***** Dataset extract
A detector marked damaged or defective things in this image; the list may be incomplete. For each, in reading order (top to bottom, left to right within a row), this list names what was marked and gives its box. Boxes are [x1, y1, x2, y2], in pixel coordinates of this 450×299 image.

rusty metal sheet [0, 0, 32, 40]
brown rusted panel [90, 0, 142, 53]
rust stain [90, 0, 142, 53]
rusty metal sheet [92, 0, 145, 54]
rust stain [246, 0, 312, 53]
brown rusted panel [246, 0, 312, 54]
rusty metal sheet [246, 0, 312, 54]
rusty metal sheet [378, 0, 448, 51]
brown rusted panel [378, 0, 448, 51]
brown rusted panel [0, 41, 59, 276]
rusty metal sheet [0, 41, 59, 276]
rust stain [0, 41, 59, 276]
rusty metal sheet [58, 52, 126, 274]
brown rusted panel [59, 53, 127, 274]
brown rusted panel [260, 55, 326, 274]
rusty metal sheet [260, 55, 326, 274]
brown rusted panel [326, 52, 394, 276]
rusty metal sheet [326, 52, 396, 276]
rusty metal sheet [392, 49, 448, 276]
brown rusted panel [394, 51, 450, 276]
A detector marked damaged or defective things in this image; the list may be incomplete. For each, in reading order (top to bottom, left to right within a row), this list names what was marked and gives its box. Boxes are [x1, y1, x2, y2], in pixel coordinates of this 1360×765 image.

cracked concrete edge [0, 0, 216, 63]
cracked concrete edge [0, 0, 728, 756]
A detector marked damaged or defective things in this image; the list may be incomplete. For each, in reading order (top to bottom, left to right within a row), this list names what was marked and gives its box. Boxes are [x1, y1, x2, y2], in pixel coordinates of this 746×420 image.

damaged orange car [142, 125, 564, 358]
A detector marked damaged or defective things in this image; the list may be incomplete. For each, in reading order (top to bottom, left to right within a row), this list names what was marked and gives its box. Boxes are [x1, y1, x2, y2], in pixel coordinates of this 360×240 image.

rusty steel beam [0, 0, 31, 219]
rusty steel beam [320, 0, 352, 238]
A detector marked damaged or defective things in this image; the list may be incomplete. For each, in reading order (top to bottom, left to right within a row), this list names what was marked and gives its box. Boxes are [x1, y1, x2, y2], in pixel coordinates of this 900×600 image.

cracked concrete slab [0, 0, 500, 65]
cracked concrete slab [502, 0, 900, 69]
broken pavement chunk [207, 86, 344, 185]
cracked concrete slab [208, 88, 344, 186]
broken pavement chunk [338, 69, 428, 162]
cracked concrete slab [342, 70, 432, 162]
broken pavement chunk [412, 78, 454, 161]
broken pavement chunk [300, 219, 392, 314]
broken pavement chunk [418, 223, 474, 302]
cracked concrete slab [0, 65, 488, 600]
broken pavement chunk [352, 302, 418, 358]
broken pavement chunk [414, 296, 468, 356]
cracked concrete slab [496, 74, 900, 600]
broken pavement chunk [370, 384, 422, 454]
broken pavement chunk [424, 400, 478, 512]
**********
- Task to complete -
Would you restate word for word every line from the one holding "this 360×240 image." to the end of the entries, both ends included?

- Task output -
A detector marked damaged or defective things in this image; the list may be incomplete. For each, in reading order (top to bottom, left to right within a row), this list names what was marked and gives its box. Boxes are [x1, y1, x2, y2], in pixel coordinates of this 360×240 image.

rusty steel beam [0, 0, 31, 219]
rusty steel beam [320, 0, 352, 238]
A detector marked damaged or defective things in this image; the list may be incomplete. For each, in reading order (top to bottom, left to right within a row), this list names what was marked and gives its box. Boxes are [x1, y1, x2, y2], in pixel coordinates of this 900×600 image.

cracked concrete slab [0, 0, 500, 65]
cracked concrete slab [502, 0, 900, 69]
broken pavement chunk [207, 86, 344, 185]
cracked concrete slab [208, 88, 344, 186]
broken pavement chunk [338, 69, 428, 162]
cracked concrete slab [342, 70, 432, 162]
broken pavement chunk [412, 78, 454, 161]
broken pavement chunk [300, 219, 392, 314]
broken pavement chunk [418, 223, 474, 302]
cracked concrete slab [0, 65, 488, 600]
broken pavement chunk [352, 302, 418, 358]
broken pavement chunk [414, 296, 468, 356]
cracked concrete slab [496, 74, 900, 600]
broken pavement chunk [370, 384, 422, 454]
broken pavement chunk [424, 400, 478, 512]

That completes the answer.